We need to return to Roman Buhler’s original game plan. But when the money started flowing for a “Convention of the States,” Roman Buhler’s original plans got lost in the stampede. Nearly a year ago, I talked personally with Roman about his efforts to raise the necessary funds to carry out his strategy. He wasn’t able to pull together enough resources and interest to do this right.
Roman Buhler’s plan was to start by getting the States to define more precisely just exactly how an Article V Convention would work in State laws and State Constitutions. That would have mostly eliminated the risk and all the controversy. Instead of both sides screaming about what they believe the actual procedures might turn out to be, Roman wanted to actually create those rules and set them in stone ahead of time.
The idea was to set the rules of the game first, before calling for an Article V Convention. Instead what we got was “Fire. Ready. Aim.” In the tea party era, one of conservatives’ biggest errors is a feeling that we don’t have time to do anything the right way. Everything is a crisis. So better to make a mess of things in a hurry than to plan carefully and act methodically to achieve real success.
So rather than fight about the great unknown and uncertainty we face now, Roman Buhler proposed to get at least 14 states to pass laws to define exactly how all of this would work. Or better yet amend their State Constitution. The idea is that because the States must ratify an amendment, the State can define its own process for ratifying or rejecting an amendment. Each State should set the game rules ahead of time for how it is going to decide.
Because a proposed amendment must be ratified by three quarters of the States (38), getting 14 States to erect a fire wall of safeguards and procedures would make it impossible for bad amendments from a “runaway convention” to be ratified. Not only would this help prevent a bad outcome, but it would help discipline an Article V Convention in the first place, knowing that an amendment would have no chance without satisfying certain criteria.
The plan was to get at least 14 States to amend their State constitution or at least pass state laws, so that
- Any delegate to the convention would be bound to vote as instructed by the State
- Any delegate to the convention would be bound to vote against any amendment that was not part of the reason that the Article V Convention was called.
- The State would automatically reject (vote no on) any proposed amendment to the US Constitution unless it meets certain criteria of procedure.
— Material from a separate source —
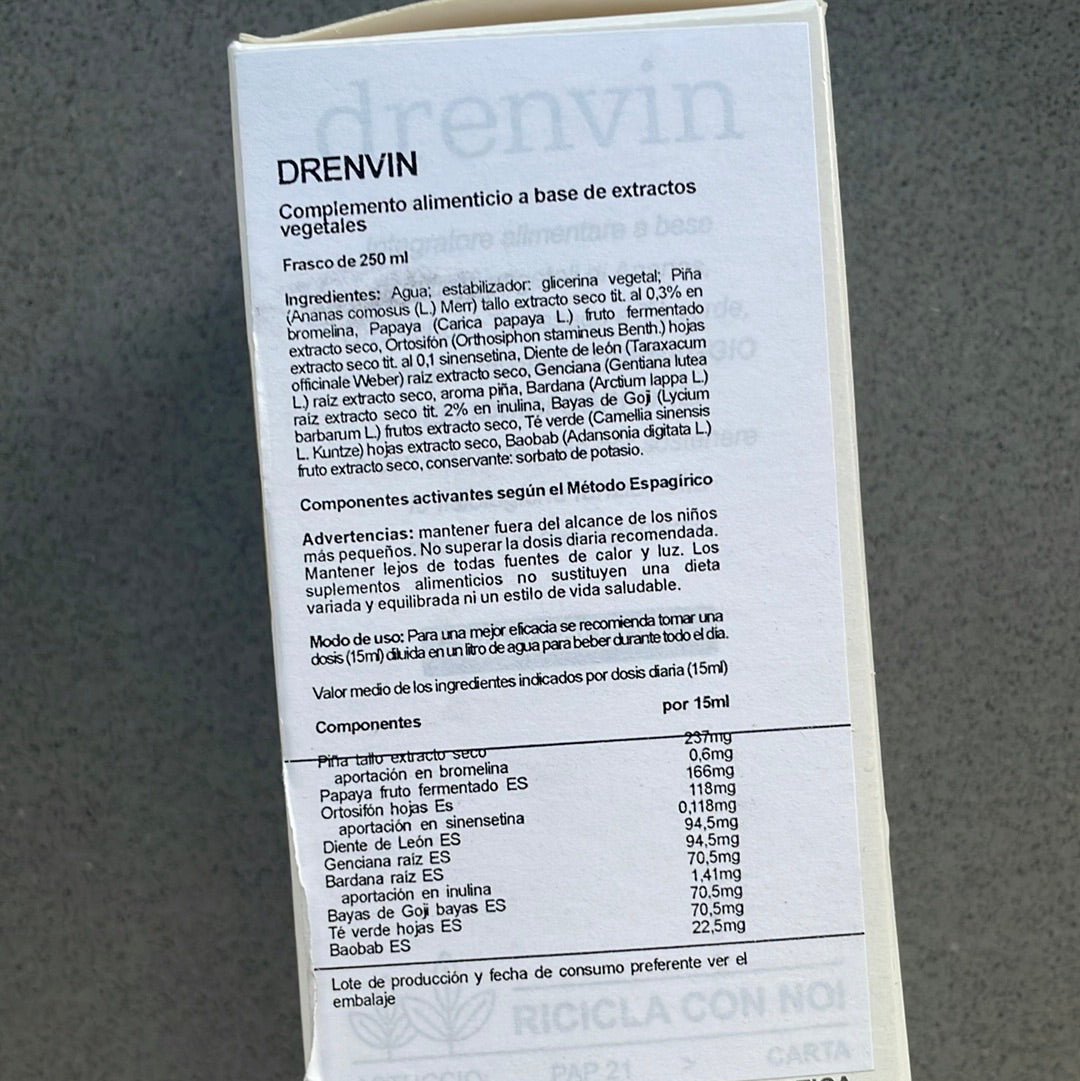 Suplemento Natural - Drenagem e Saciedade | DRENVIN 250ML .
So in addition to passing State laws, an amendment to the State Constitution could say something like:
In the exercise of its authority to either ratify or reject any proposed amendment to the U.S. Constitution, this State hereby rejects any such proposed amendment submitted to it at any time in the future if proposed by a convention called under Article V of the U.S. Constitution and if
(a) the proposed amendment is not on a topic upon which the States called for a convention under Article V,
(b) the Article V convention was not organized so as to represent the States with equal voting power,
(c) the delegates to the Article V convention purporting to represent this State were not chosen by the method determined by the legislature of this State,
(d) votes at the Article V convention were unrecorded voice votes subject to the opinion of its chair,
(e) the delegates to the Article V convention included any currently serving Member of Congress or State legislature, official of the U.S. Government, or sitting judge, or
(f) the Article V Convention attempted to alter the ratification procedure and requirements required by the U.S. Constitution.
Now, it would be better to define these things at the Federal level. But the whole goal here is to force changes upon the U.S. Government that Washington insiders don’t want to accept. So taking actions that would make it easier for the States to force changes on Washington would probably not be embraced by the U.S. Congress. That is why Roman Buhler and the Madison Coalition came up with this brilliant strategy of building a firewall at the State level, to discipline anything that happens in an Article V convention.
There is also a theory that the more real the threat of State action becomes, the greater the pressure on the U.S. Congress to behave. Making an Article V convention more possible may help pressure Washington. Having an unacceptable risk from an Article V convention means that the U.S. Congress can totally dismiss concerns expressed by the States.
Editor’s Note. An Article V Convention has strong proponents and opponents locally and across America, including within conservative circles. Smart, well-intentioned people disagree on such a convention. The Fairfax Free Citizen welcomes both pro and con articles and comments about it. An open and insightful exchange of ideas about a possible Article V Convention will help inform readers and may contribute to building a consensus on this controversial subject.